CyArk's 3D and VR mapping of ancient monuments is going further than Google Earth
- 01 March, 2017 12:59
When monuments are at risk or incredibly remote, there are many reasons to preserve them digitally.
In 2016 I visited my 100th country. With over a hundred countries still to go, I certainly haven't seen everything this world has to offer. But I have been very fortunate to gaze at the pyramids of Giza, Tikal and Copan, to have seen a sunrise change the colours of the Taj Mahal, and bring to life the forest around Macchu Pichu. I have driven through war town cities of Agdam and Sarajevo, and marvelled at the vastness while sailing across the Atlantic ocean.
While I was able to take many photographs and embed the feelings and images surrounding me at the time, I will never be able to truly capture the moment and the details. And thankfully I don't need to since technology is now doing it for us!
Ben Kacyra and his wife Barbara set up CyArk (cyber archives) (cyber archives) in 2003 with the intention to ensure heritage sites are available to future generations while making them uniquely accessible today.
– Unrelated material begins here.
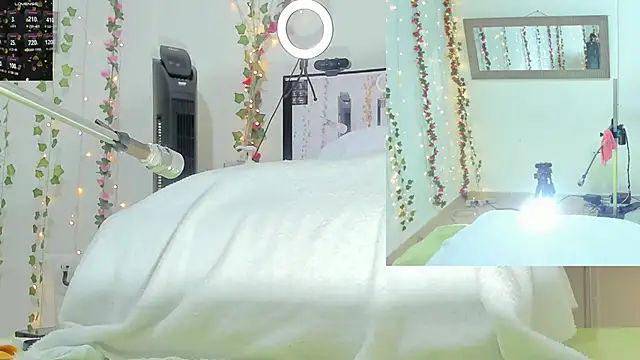 Snapshot of Genesis_Love__ chatting on 10-18-25, 09:32 Genesis Love online show from 10-18-25, 09:32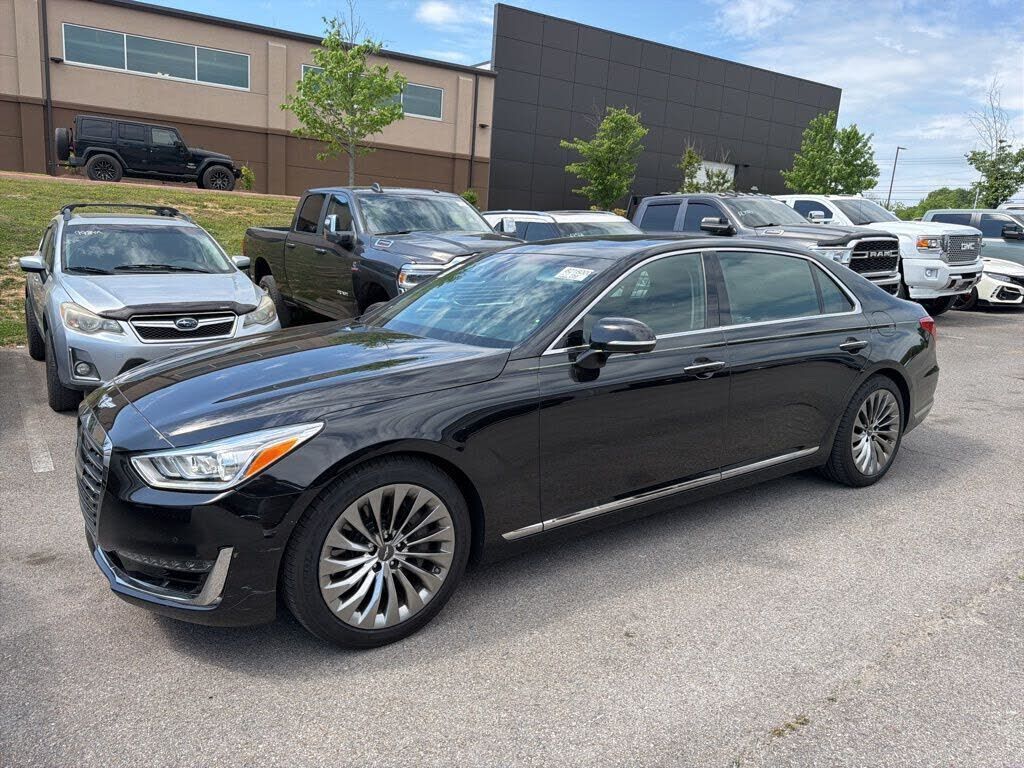 2018 GENESIS G90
They detail cultural heritage sites around the world using 3D laser scanners and drones, capturing millions of data points per second. The points are then analysed and generated into a 3D Mesh model of the site. From there the 3D-generated model is coloured using photos taken of the surface of the structure. This creates the virtual reality scene that we can study further for conservation and education.
To date, more than 200 sites around the world have been completed including Pompeii, Babylon, Mt. Rushmore, the Leaning Tower of Pisa and the Titanic but the aim is to digitally preserve 500 sites by 2020.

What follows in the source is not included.